TY, got it done. As someone pointed out use the manual that didn't come with the bike My only growl was finding that the last shop tire change, someone stripped one of the axle clamp bolts. Gonna see if on this change I can get a bolt 1" longer and put a nylon self locking nut on the end of it, instead of replacing the fork end.
Having pulled the front tire from my 02 many times I find it a little less work to simply leave the left side brake caliper and secondary master cylinder in place. Also I support the front of the bike on a stack of 2x4s and strap the center stand forward to the crash bars. Just take your time guiding the rotor back between the brake disks and then slide the right side caliper back in place. Remember to thread lock the brake caliper bolts.
Tom, in Mountain Home, Idaho
2002 GL1800 (Illusion Red) Non-ABS, 128k miles
Retired Air Force
Motorcycle: Current Rides - 2002 GL1800 - Pearl Orange 1983 Suzuki GS850GL - Blue & Black
Past rides - 2008 GL1800 Titanium 2003 GL1800 - Illusion Blue 1996 GL1500 Aspencade - Pearl Blue 1992 GL1500 Aspencade -Candy Red 1980 GL1100 - Custom Cobalt Blue 1985 GL1200 Aspencade Brown 1983 CX500 Custom Red 1982 CX500 Custom Blue 1978 CX500 Standard Black 1982 Suzuki GS650 Red
bookmaker wrote: ↑Thu Feb 27, 2020 12:56 am
Took a chance to take advantage of last saturday's 58 degrees here in illinois, had to air up a low front tire, to be expected late winter. But to my surprise, the tire was low, hot, and shot 20 miles later. Looked in the DIY to see how to remove the wheel so I can take it to the shop for new rubber but didn't find a walk through for it. Can't drive it to the shop for tire replacement. My guess on failure is rim corrosion to cause the air loss so quick. TY in advance on how to remove the front wheel to get a new shoe on her.
You mean to say that you had the bike in cold storage for the winter ---
And it got warm enough to try a ride and only after you went 20+ miles decided to check the air pressure..?
My advice to anyone is to check tire pressure before you ride.

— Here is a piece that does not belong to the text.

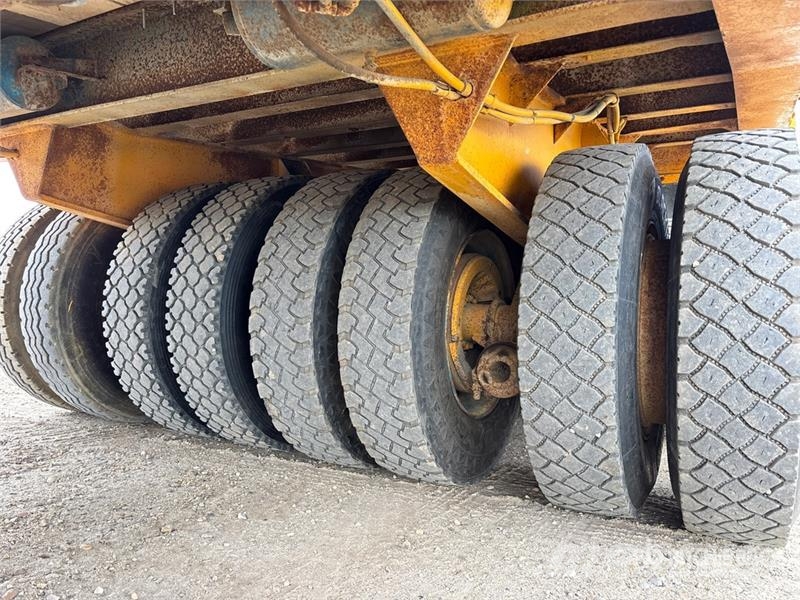 Knight 40 ft 16-Wheel Flatbed Trailer مقطوروات مسطحة/مفصلية الجوانب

Postings are my opinions based on experience and acquired knowledge.
Your results may vary. Universal disclaimers apply.
Munk's Maxim -- There is no such thing as a cheap motorcycle
You mean to say that you had the bike in cold storage for the winter ---
And it got warm enough to try a ride and only after you went 20+ miles decided to check the air pressure..?
My advice to anyone is to check tire pressure before you ride.
No, it was an air up to ride, then found out it was flat again after 20+ mile ride. Original post was how to do a self removal without a manual to take wheel in for new shoe since I trashed the old one. Got it fixed and original problem was a bad valve stem, reason it didn't hold air on the ride and I couldn't drive to shop for fix.
A bad valve stem will certainly cause that problem. Can't say that I have ever experienced that myself. I have replaced my composite metal/rubber OEM valve stems with solid metal valve stems.